- [Data section]:
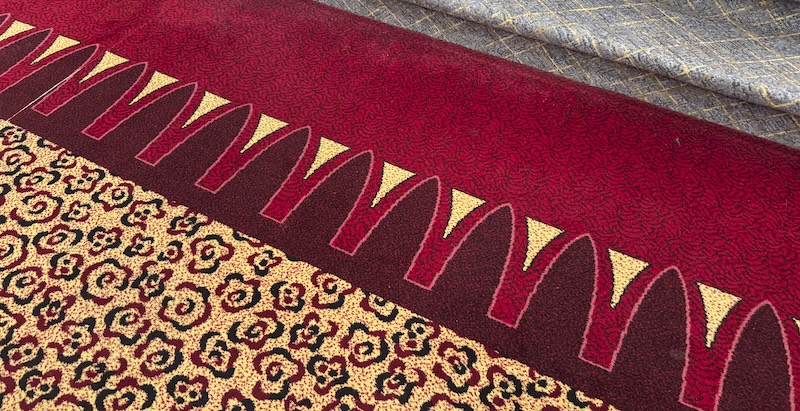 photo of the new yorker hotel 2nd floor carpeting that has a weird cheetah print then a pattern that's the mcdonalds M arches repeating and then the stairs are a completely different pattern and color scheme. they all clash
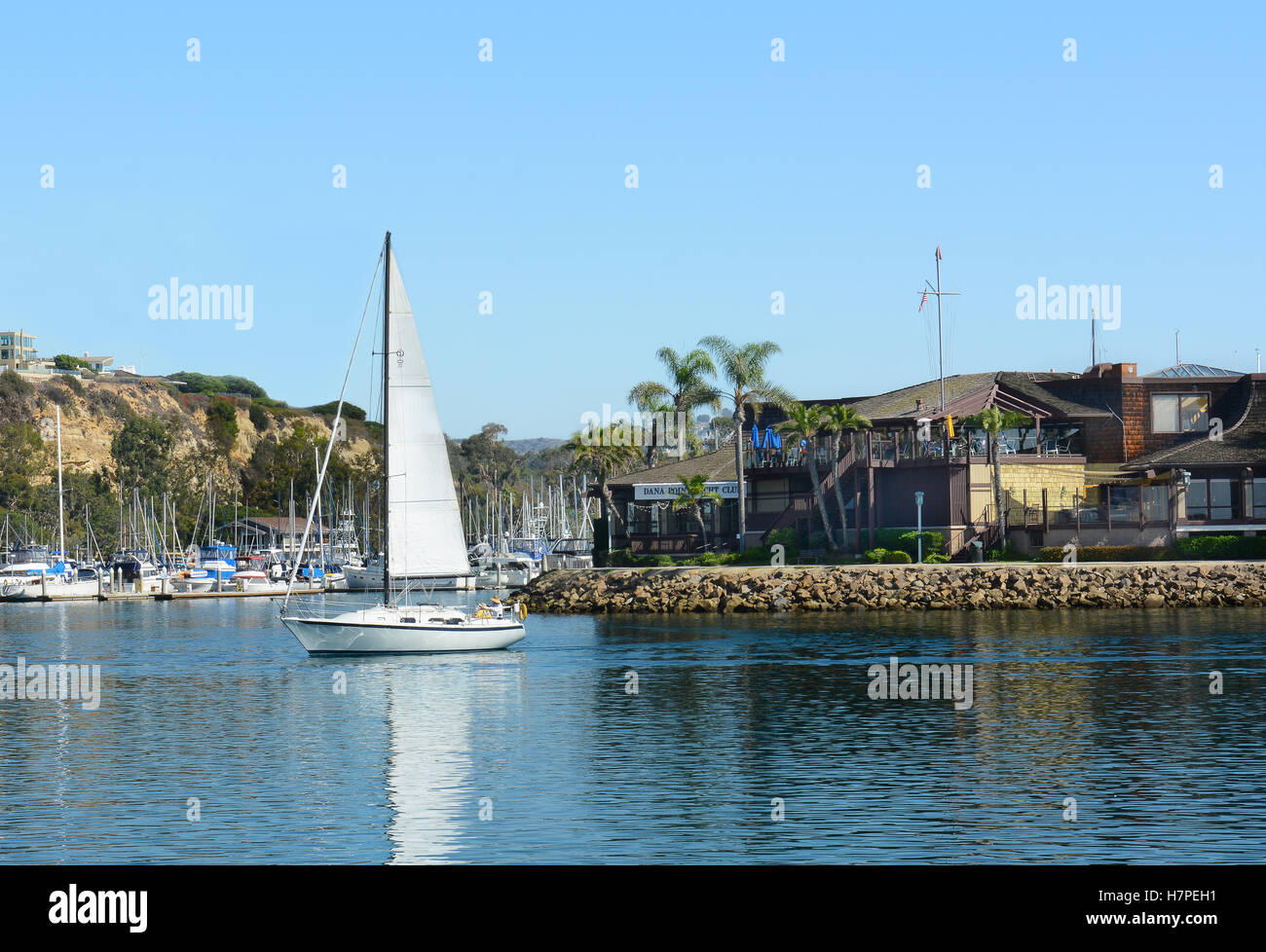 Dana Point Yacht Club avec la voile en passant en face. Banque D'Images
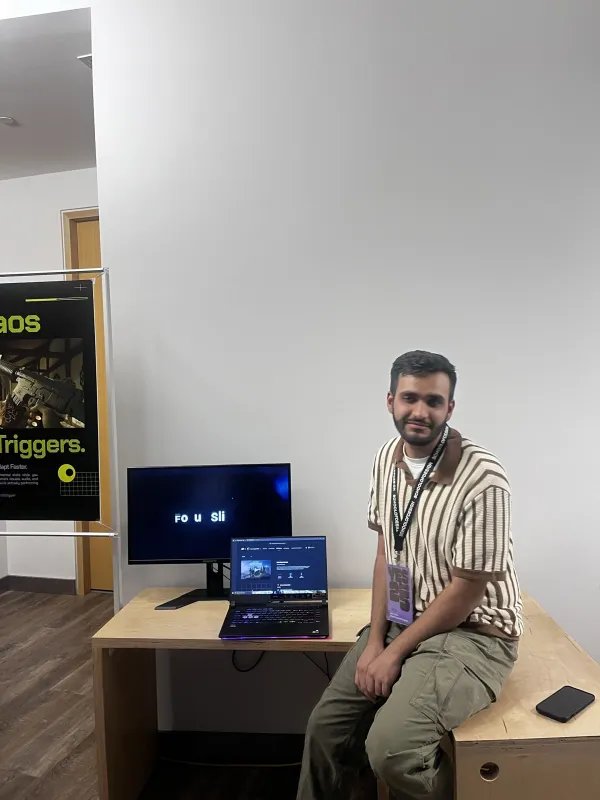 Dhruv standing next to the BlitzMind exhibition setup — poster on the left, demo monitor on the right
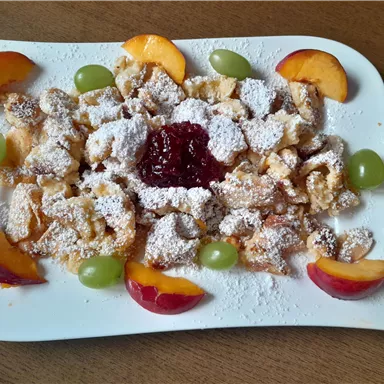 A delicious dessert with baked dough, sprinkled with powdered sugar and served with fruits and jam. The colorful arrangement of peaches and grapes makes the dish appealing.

- [What needs to be done]:
Leaving the pictures aside, copy exactly and only the lines from the one holding "Dana Point Yacht" through the final line of the data, both ends kept.

- [Answer box]:
 Dana Point Yacht Club avec la voile en passant en face. Banque D'Images
 Dhruv standing next to the BlitzMind exhibition setup — poster on the left, demo monitor on the right
 A delicious dessert with baked dough, sprinkled with powdered sugar and served with fruits and jam. The colorful arrangement of peaches and grapes makes the dish appealing.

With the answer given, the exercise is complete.